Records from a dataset
[Start of Attachment]

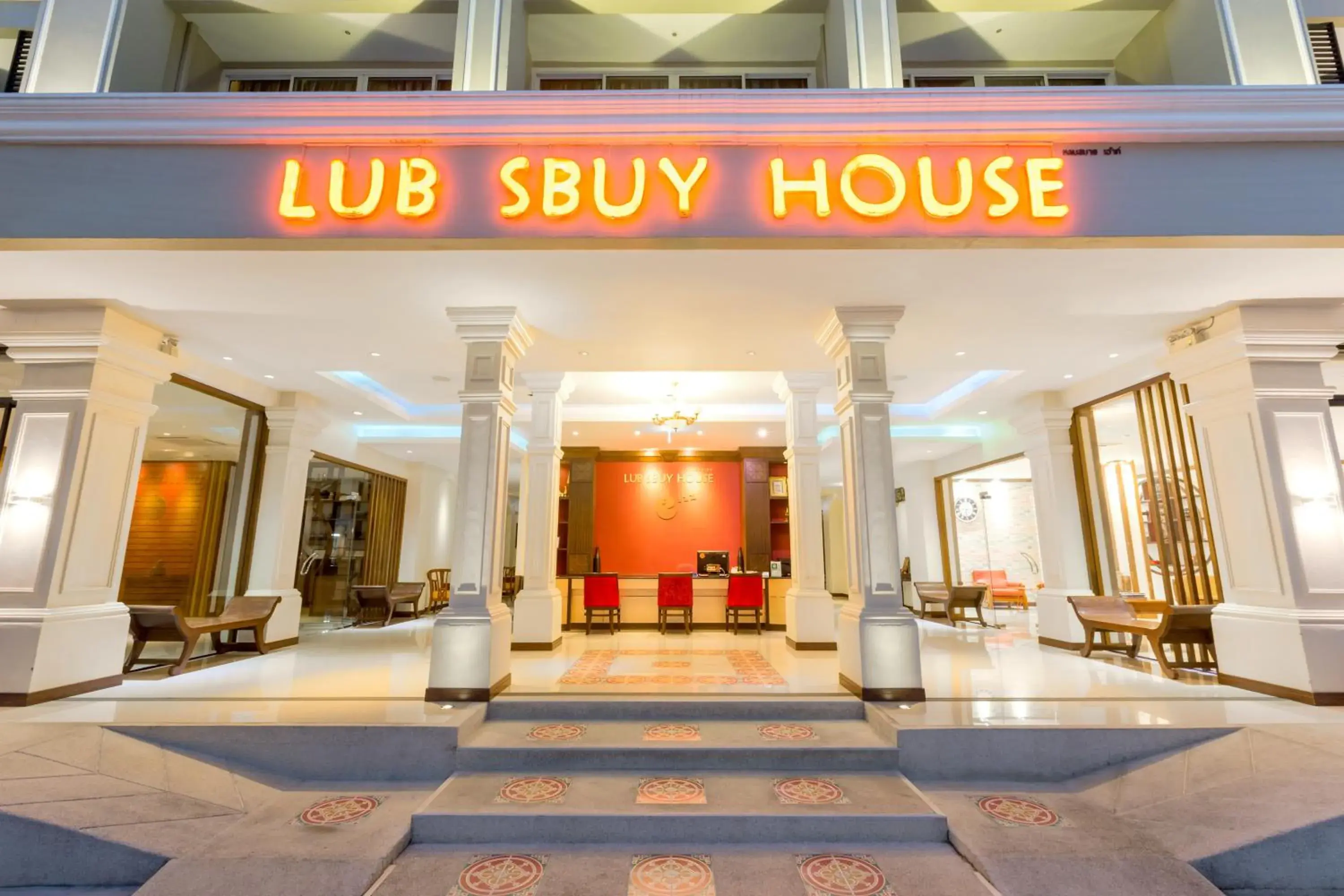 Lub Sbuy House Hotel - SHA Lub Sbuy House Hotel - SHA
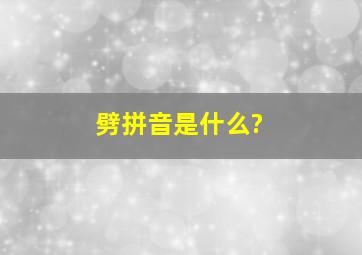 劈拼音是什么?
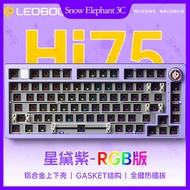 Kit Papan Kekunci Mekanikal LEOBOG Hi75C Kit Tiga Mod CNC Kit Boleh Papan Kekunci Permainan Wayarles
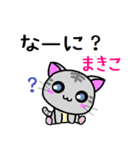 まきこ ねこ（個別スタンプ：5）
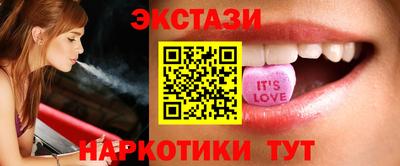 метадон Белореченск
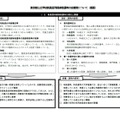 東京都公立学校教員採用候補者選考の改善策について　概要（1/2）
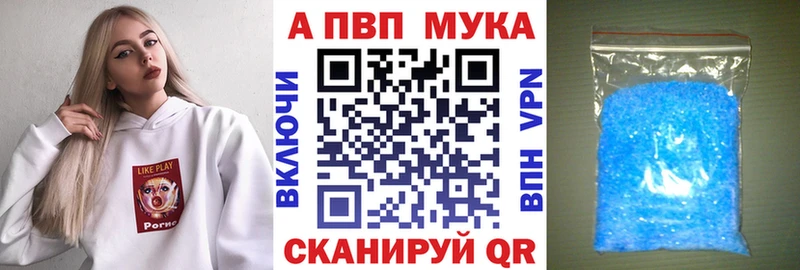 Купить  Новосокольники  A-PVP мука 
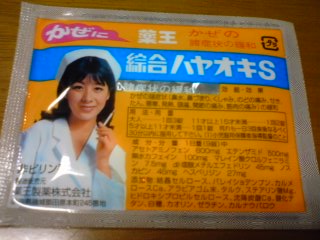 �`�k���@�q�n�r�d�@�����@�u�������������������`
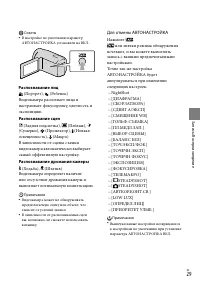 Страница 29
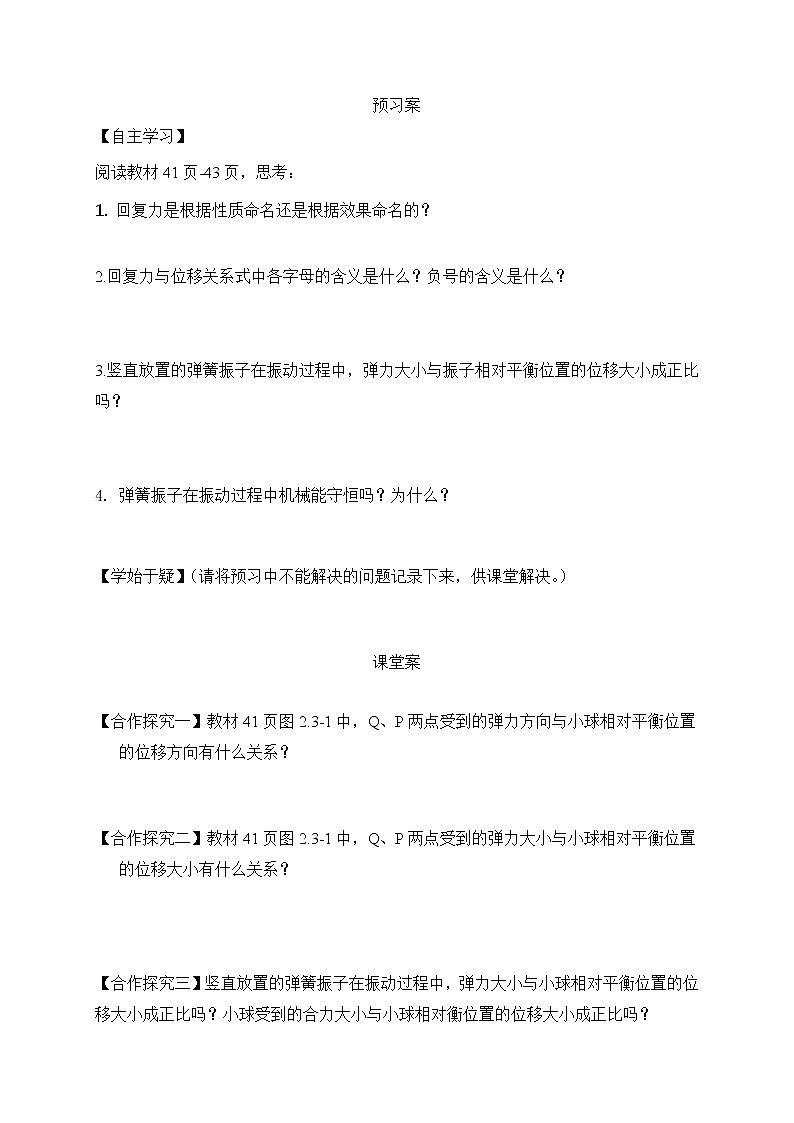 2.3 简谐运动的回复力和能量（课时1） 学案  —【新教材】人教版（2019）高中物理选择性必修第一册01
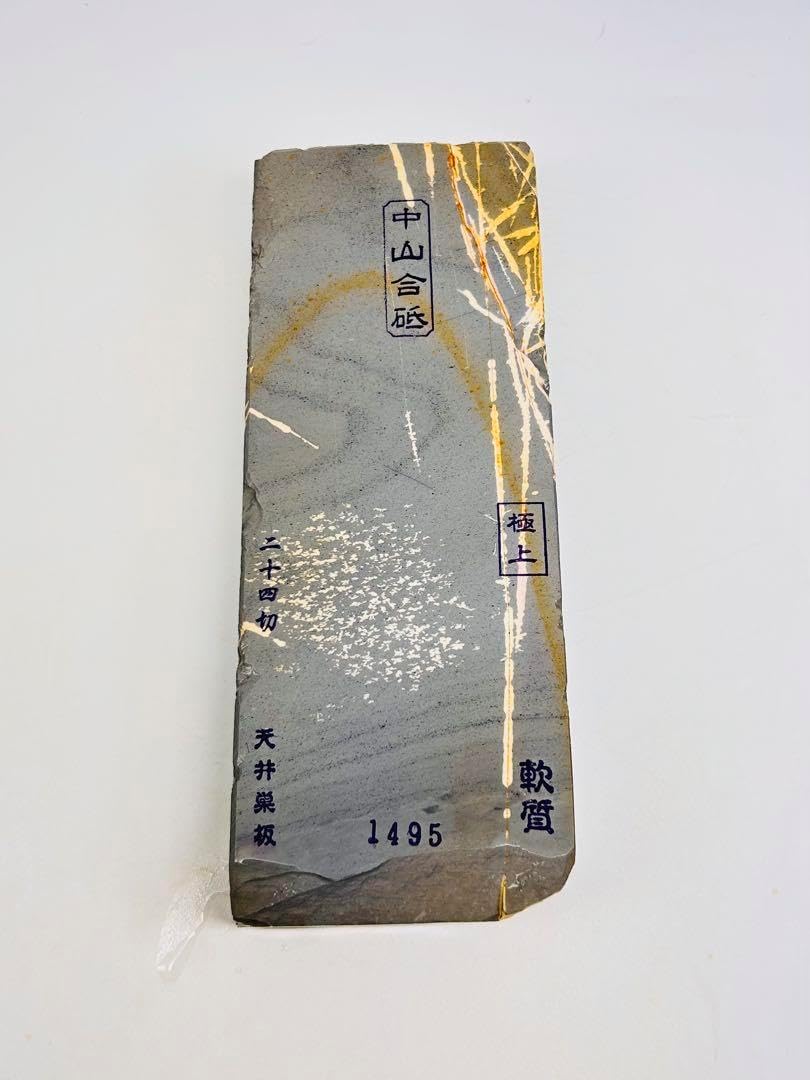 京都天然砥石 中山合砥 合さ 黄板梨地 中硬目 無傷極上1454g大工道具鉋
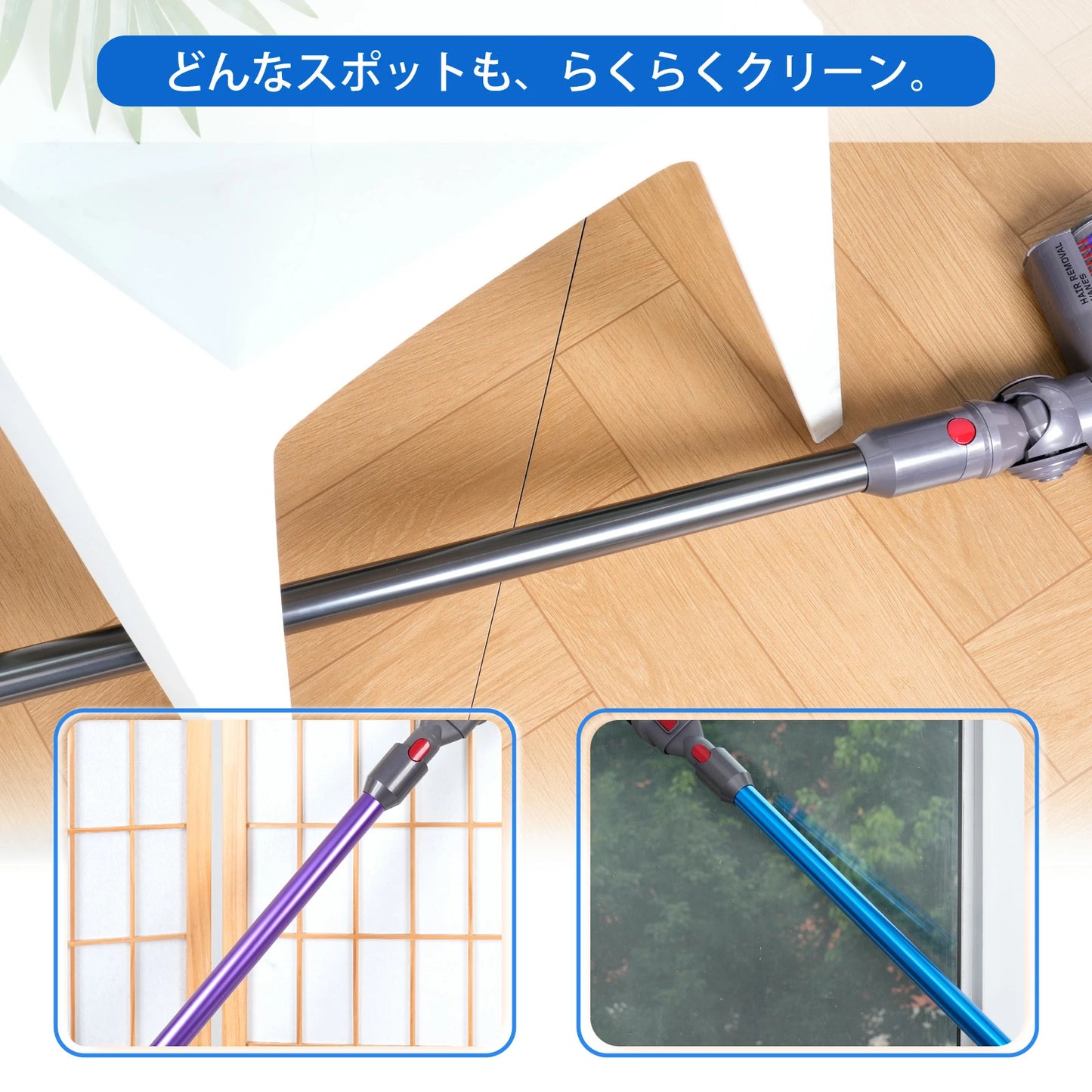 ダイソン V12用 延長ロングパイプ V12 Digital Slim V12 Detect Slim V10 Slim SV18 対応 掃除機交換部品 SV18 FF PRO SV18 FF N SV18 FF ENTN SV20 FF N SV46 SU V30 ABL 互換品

[End of Attachment]

WORK ITEM
Could you reproduce every record above exactly, leaving out any pictures?

SOLUTION TO THE PROBLEM
 Lub Sbuy House Hotel - SHA Lub Sbuy House Hotel - SHA
 劈拼音是什么?
 Kit Papan Kekunci Mekanikal LEOBOG Hi75C Kit Tiga Mod CNC Kit Boleh Papan Kekunci Permainan Wayarles
 まきこ ねこ（個別スタンプ：5）
 метадон Белореченск
 東京都公立学校教員採用候補者選考の改善策について　概要（1/2）
 Купить  Новосокольники  A-PVP мука 
 �`�k���@�q�n�r�d�@�����@�u�������������������`
 Страница 29
 2.3 简谐运动的回复力和能量（课时1） 学案  —【新教材】人教版（2019）高中物理选择性必修第一册01
 京都天然砥石 中山合砥 合さ 黄板梨地 中硬目 無傷極上1454g大工道具鉋
 ダイソン V12用 延長ロングパイプ V12 Digital Slim V12 Detect Slim V10 Slim SV18 対応 掃除機交換部品 SV18 FF PRO SV18 FF N SV18 FF ENTN SV20 FF N SV46 SU V30 ABL 互換品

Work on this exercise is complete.